The frenzied mob that created a riot at the US Capitol building has a lesson for all of us emotion loving Indians. Don’t let your emotions rule you or take over your ability to reason. Interestingly, this lesson is cited in the Bhagwad Gita, one of our ancient holy texts.
In what has to be one of the most bizarre episodes in modern world history, a mob consisting of a mix of Trump supporters, election fraud conspiracy theorists, far right activists and angry rioters stormed the US Capitol building on January 6. Thousands of protesters stormed through the building, disrupting a joint session of Congress. Many of them vandalised and destroyed property.
The Senate and House of Representatives had to be evacuated, the entire Capitol area had to be locked down. The fact that this happened in broad daylight, in a powerful and developed nation like the US, is what makes the entire episode truly bizarre.
Scarily, it also suggests that if it can happen there, it can happen anywhere, including India. The world today is a fragile place. People can become emotionally charged, suspend reason, believe in theories without real evidence and come together, not just virtually but also in real life. The entire episode would have been funny and amusing, if it weren’t for its dark aspects. Five people died, ranging from a police officer to a lady who was part of the mob but had served in the US defence forces.
Over 120 people have since been arrested, thanks to ample video evidence of the incident taken on multiple mobile phones. Global condemnation followed. Social media companies suspended President Donald Trump’s accounts. It’s fair to say that the US was embarrassed. But true damage will come to members of the mob themselves. Those arrested face long prison terms. They have essentially ruined their lives over this one mad frenzy.
There’s a lesson for everyone here, including us Indians. Don’t get swayed by emotion (which we Indians love) to the point of completely giving up reason and destroying your life.
For a tiny application of reason would tell you that violently storming the highest offices of the most powerful country in the world is a stupid idea. Similarly, an application of logic will also tell you that there’s neither any evidence of any rigging in the current US elections, nor is it possible to do so in that country at a meaningful scale. However, we don’t live in times where reason is encouraged. We live in emotional times, where multiple entities are trying to tug at our emotions round the clock.
To be fair, attempts to tug at people’s emotions have always been there. Even in the pre-internet era, marketers made advertising to get an emotional response from customers. Movies, books and television shows that are successful almost always manage to connect to the viewer emotionally. In India particularly, movie viewers love emotions. Hence, we root for the hero who beats up ten people at the same time, even though logically such a feat is unlikely.
Politicians also often look for a cause that will make the voter emotional as that will often decide the actual voting decision. How many Indians vote on the logical reasons of economy or governance versus emotional reasons such as identity (caste, religion, region etc)?
Tugging at emotions has indeed been around for a long time. However, the internet means today this has multiplied manifold. Social media influencers, WhatsApp forwards, YouTubers and even news channels today constantly try to tug at your emotions. So do your relatives and friends in those WhatsApp groups.
Sooner or later you will succumb to something that touches you at an emotional level. Imagine an unemployed and frustrated Hindu youth somewhere. He sees a video saying how Muslims took away all opportunity, and this video has a million views and thousands of likes. Chances are he will buy the theory. Just as an unemployed Muslim youth may buy a theory of the Indian state plotting to eliminate Muslims.

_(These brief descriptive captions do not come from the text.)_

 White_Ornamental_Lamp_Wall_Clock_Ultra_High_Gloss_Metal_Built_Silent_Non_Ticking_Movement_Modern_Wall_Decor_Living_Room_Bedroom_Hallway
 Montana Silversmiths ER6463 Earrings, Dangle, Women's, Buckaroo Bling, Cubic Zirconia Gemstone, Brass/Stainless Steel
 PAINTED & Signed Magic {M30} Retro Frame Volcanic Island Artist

Both these boys may find solace in the community that likes such videos. They might even forward their respective video to others. Meanwhile, the video creator gets popular and monetises the videos. It’s a self-sufficient, incentivised ecosystem that propagates evidence-free tugging at emotions. Soon enough, some politician will tap into this group, lend the theory support and legitimise it further. Eventually, this emotion fuelled ecosystem snowballs and erupts into bizarre events such as the US Capitol riot.
None of us are immune to emotional manipulation. For our emotions are a stronger force than reason. Emotions make us act and believe faster than reason. Sometimes emotions make us suspend reason altogether.

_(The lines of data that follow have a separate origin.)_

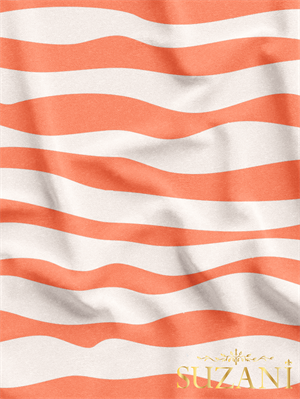 Somon Renk Çizgi Desenli Dijital Baskılı Kumaş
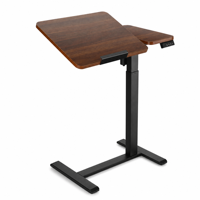 Bureau réglable en hauteur électrique avec moteur unique, en bois d'albizia, inclinable de 0 à 60 degrés, avec options de batterie intégrée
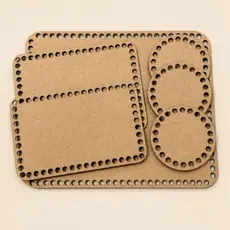 Kit Higiene Bebê MDF Crochê 6 Peças Base para Fio de Malha Corte Laser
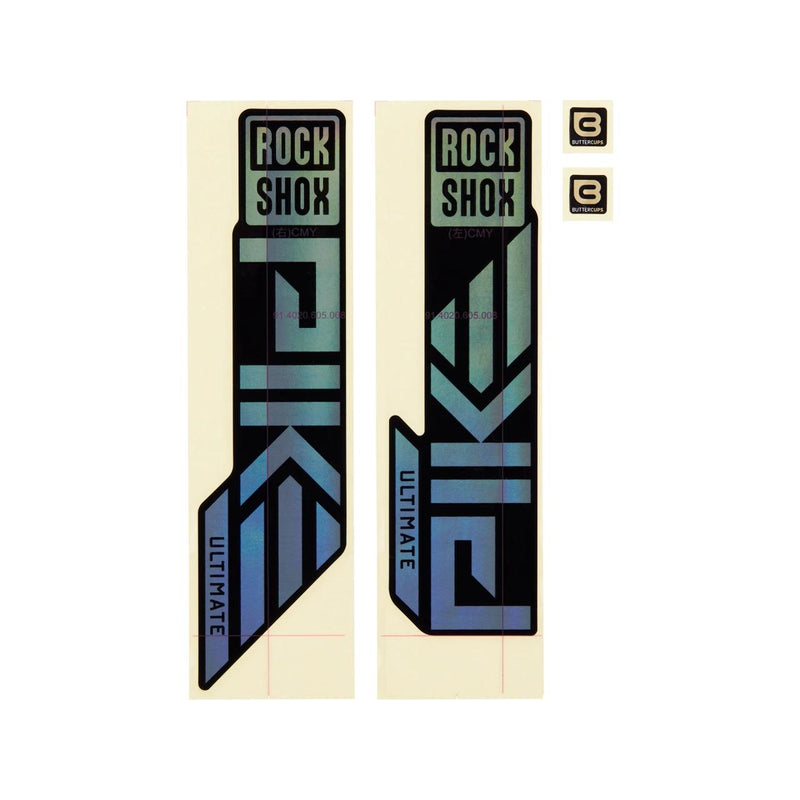 Rockshox Spare Fork Decal Kit Pike Ultimate 27/29 (2023+) Gloss Rainbow Foil For High Gloss Black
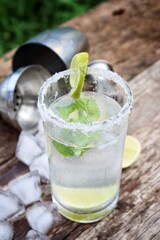 Making a margarita cocktail lime salt and mint leaves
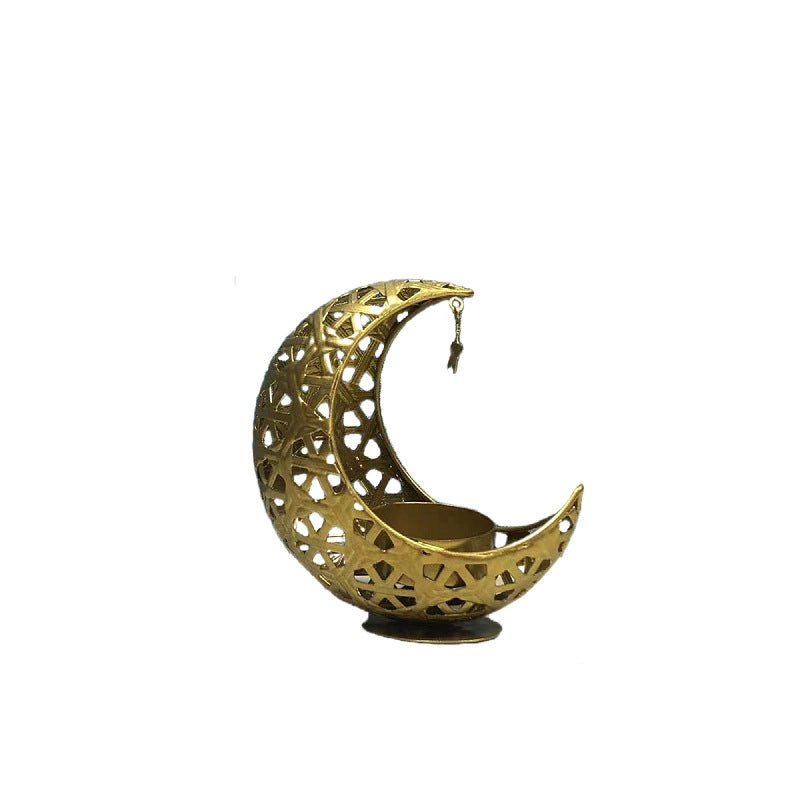 Hollow Moon Candle Holder – Iron Ramadan Decorative Accent (MAC379) - Mariam's Collection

Don’t get me wrong. Emotions are extremely important in life. They make us human. However, if you let emotions rule you or make every decision in life guided by emotion, you’re pretty much destined to fail or head to disaster.
The Bhagwad Gita talks multiple times about the importance of emotional control, of striking the right balance between emotion and reason and not taking decisions guided by extreme emotions. Of course, the Gita did not anticipate dozens of marketers, political outfits and influencers tugging at your emotions every day. But this only makes the emotion control lessons more important.
We should take pride in our emotions but be wary of the forces that are trying to manipulate them. We must always balance emotion with reason. A bizarre video or speech shouldn’t sway us into destructive action. Nation building and patriotism requires not only emotion, but also the ability to reason. Our scriptures mentioned the need for this balance centuries ago. It’s time we imbibed those learnings, especially in these emotionally manipulative times.